Lotus Development Corp. says Raven will ship midyear and has been in private beta testing with 20 customers for the past month. Lotus didn't demo anything markedly different from when the company first showed Raven in October. Perhaps a packed conference session showed where interest really lies.
Questions after the session focused solely on operational processes and not technology.
"The tools don't matter," said Adrian Poplawski, a network analyst for the Canadian International Development Agency. "Knowledge management is 90% a process problem and 10% a technology issue."
Outgoing CEO Jeff Papows circulated among the Lotus faithful last week extending his thanks and saying good-bye. But he could not escape questions as to why he is leaving.
Papows again denied that newspaper accounts of him exaggerating his military and educational exploits and allegations brought in a sexual harassment suit were connected to his departure.

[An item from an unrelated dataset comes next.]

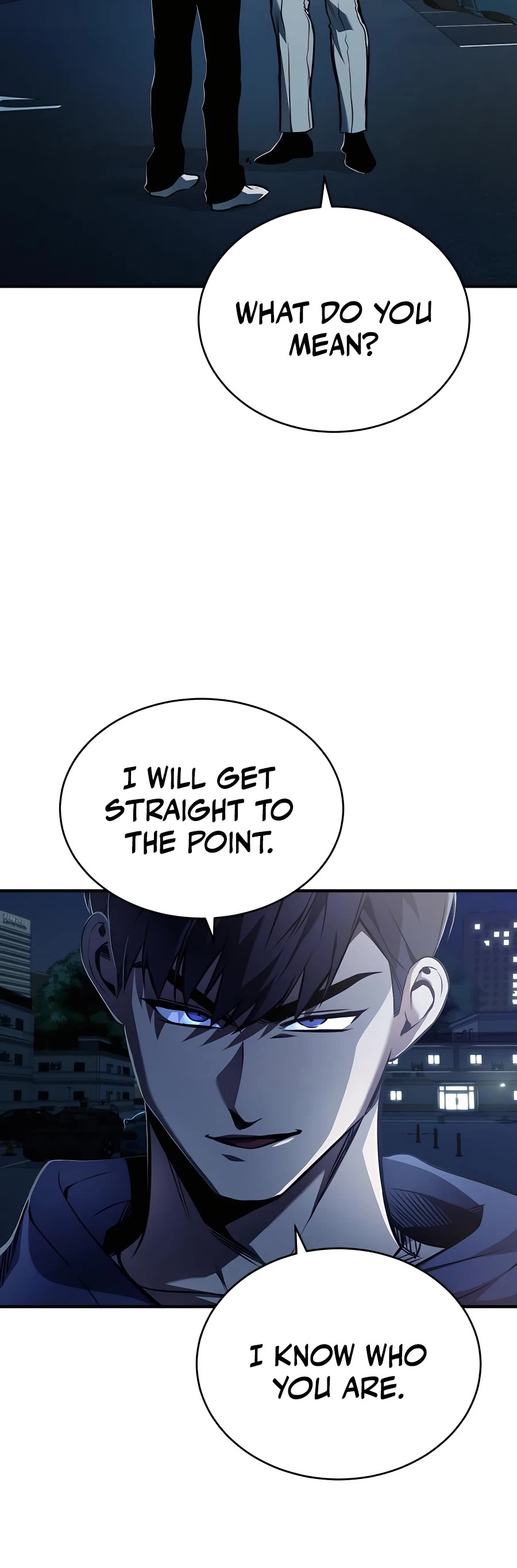 Devil Returns to School Days Chapter 6 page 54 - Chapter 6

"The company is at its peak of product and business strength," Papows said, noting he is leaving at a time when his departure will cause the least disruption. Papows' successor, Al Zollar, stayed in the background for most of the show, though he did give closing remarks. Zollar takes over next week.

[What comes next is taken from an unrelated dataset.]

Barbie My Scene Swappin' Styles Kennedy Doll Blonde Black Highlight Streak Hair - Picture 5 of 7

Putting fannies in the seats
Continuing its string of strong fourth quarters, Lotus officials said they added 8.5 million seats of Notes/Domino in the last three months of 1999. The total of 22 million seats for the year beat projections by three million. Lotus now has 56 million seats.
Trick or treat
Although Lotus sold some 160,000 seats of cc:Mail last year, sales will end for good on Halloween. Support and maintenance will cease at year-end, and code fixes will halt on Jan. 31, 2001.
After announcing new pricing models for Notes/Domino, Lotus failed to talk dollar amounts. Rest assured, Lotus officials said, the numbers will come at the end of this quarter on six new options all built on top of the existing Corporate Enterprise Option, which includes basic messaging, calendars and other features.
One new pricing tier will add Sametime and QuickPlace. Other tiers tack on pervasive messaging (mobile services), e-Apps (workflow, WebSphere), document management and search, and distributed learning.